**Given data**:
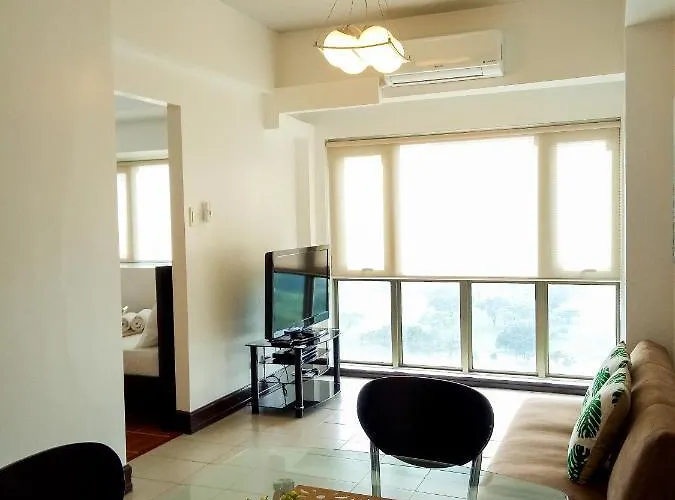 Forbes Area Bgc Taguig *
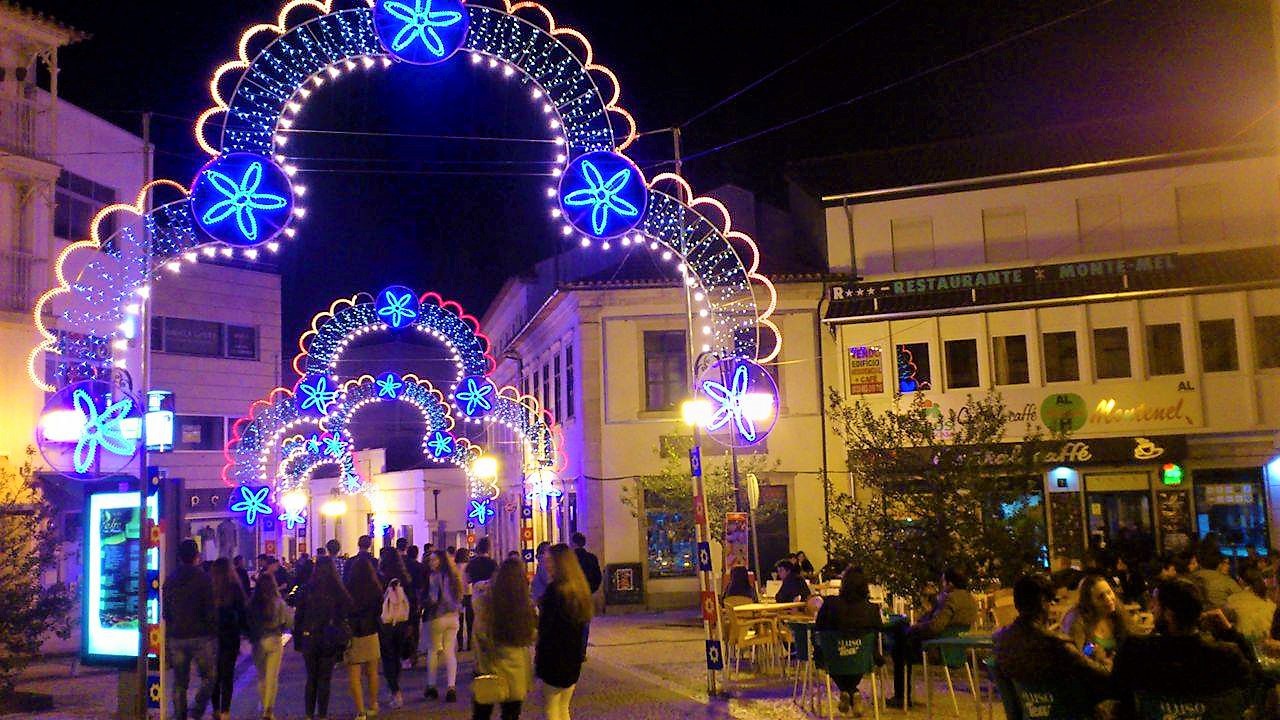  Festividades S. Pedro 2017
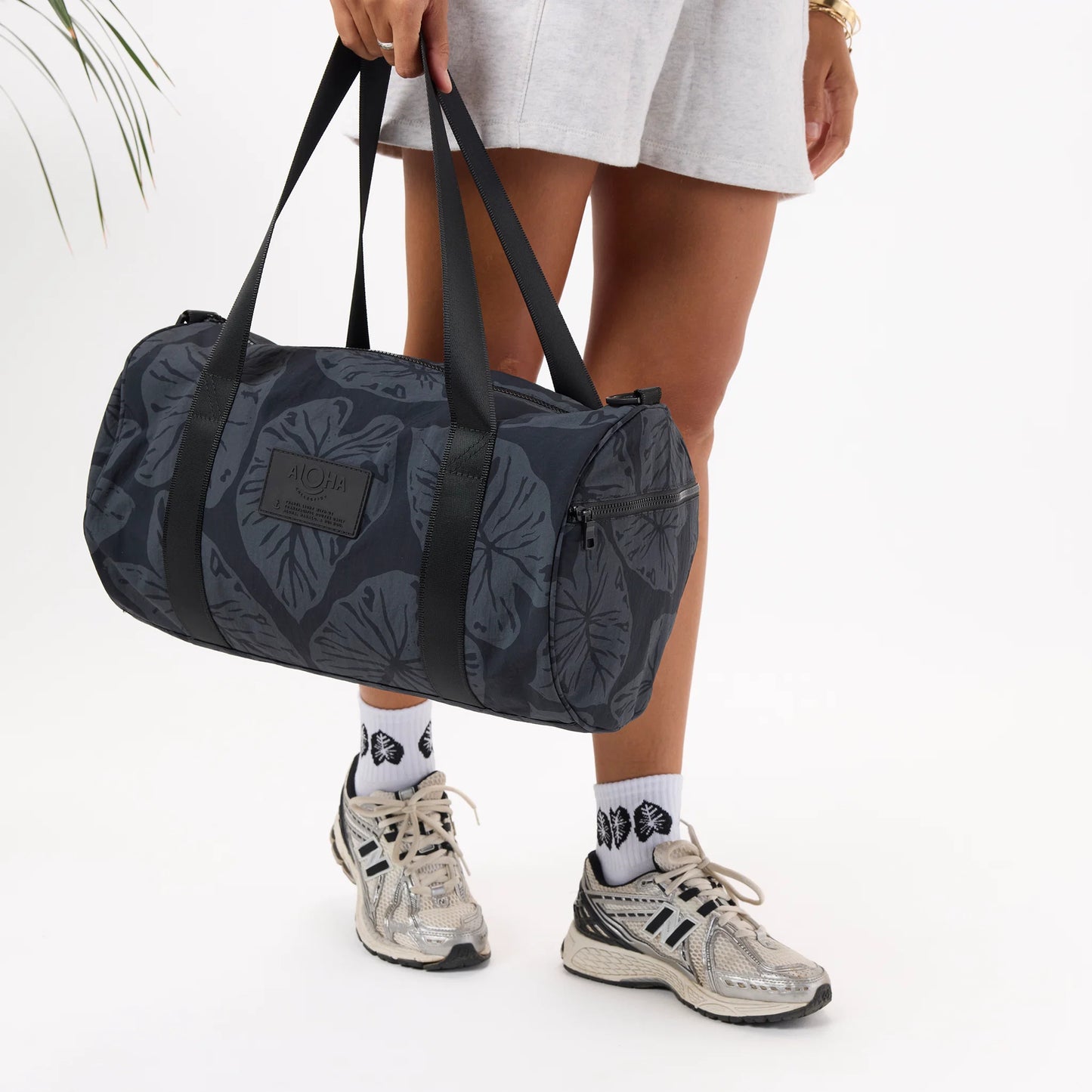 Bolso Sport grande aloha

**Your objective**: Each line above gets copied exactly; leave the pictures out.

**Answer section**:
 Forbes Area Bgc Taguig *
  Festividades S. Pedro 2017
 Bolso Sport grande aloha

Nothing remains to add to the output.